**TASK ITEM:** Copy word for word the line containing "Homo oral job action and anal play" together with all lines following it to the end of the listing below, without the pictures.
(MATERIAL PROVIDED begins)
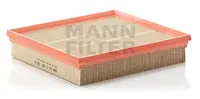 Air filter Rover Car 
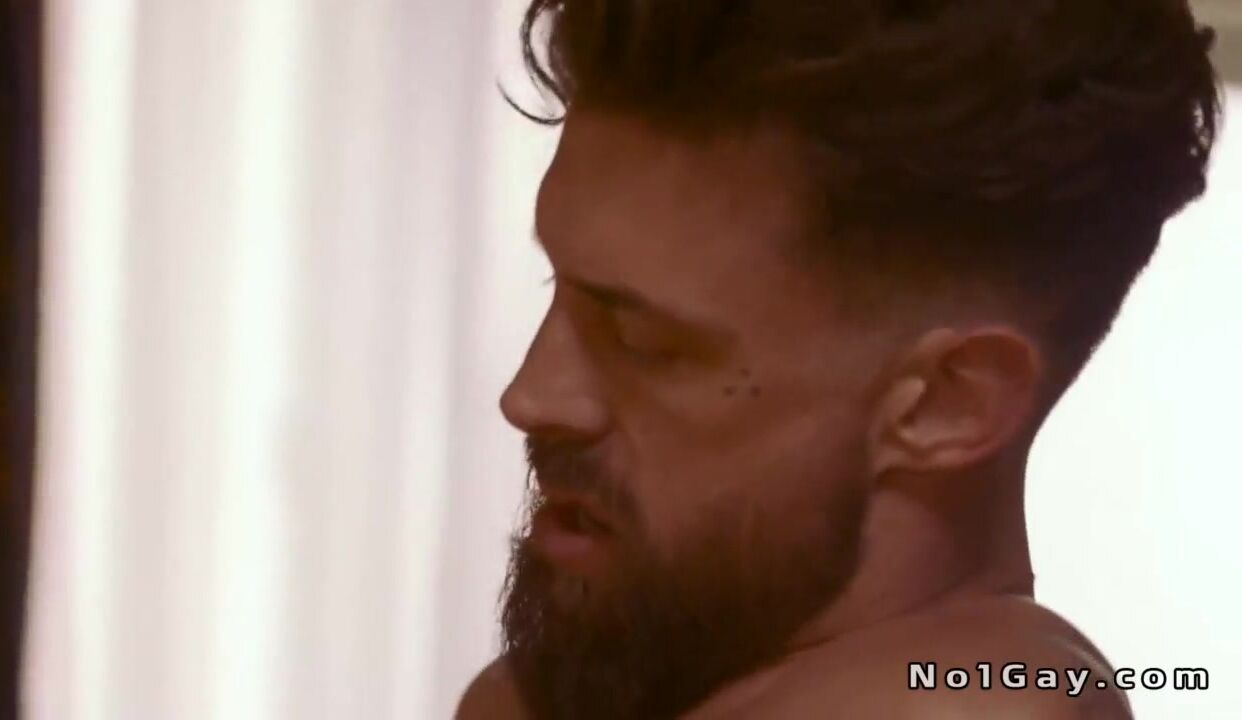 Homo oral job action and anal play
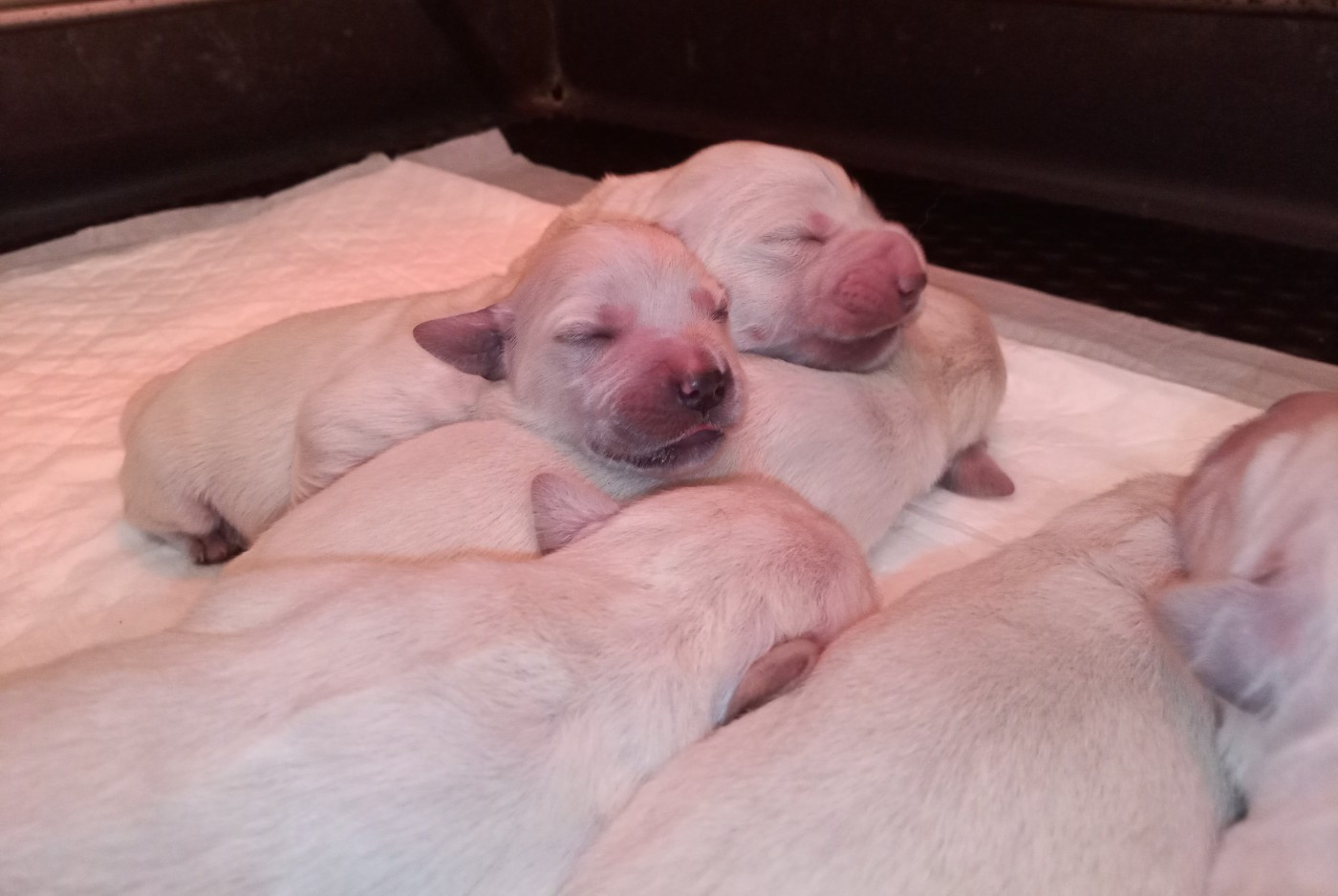 du Marais Flamand - Chiots disponibles - Golden Retriever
(MATERIAL PROVIDED ends)
**ANSWER SECTION:**
 Homo oral job action and anal play
 du Marais Flamand - Chiots disponibles - Golden Retriever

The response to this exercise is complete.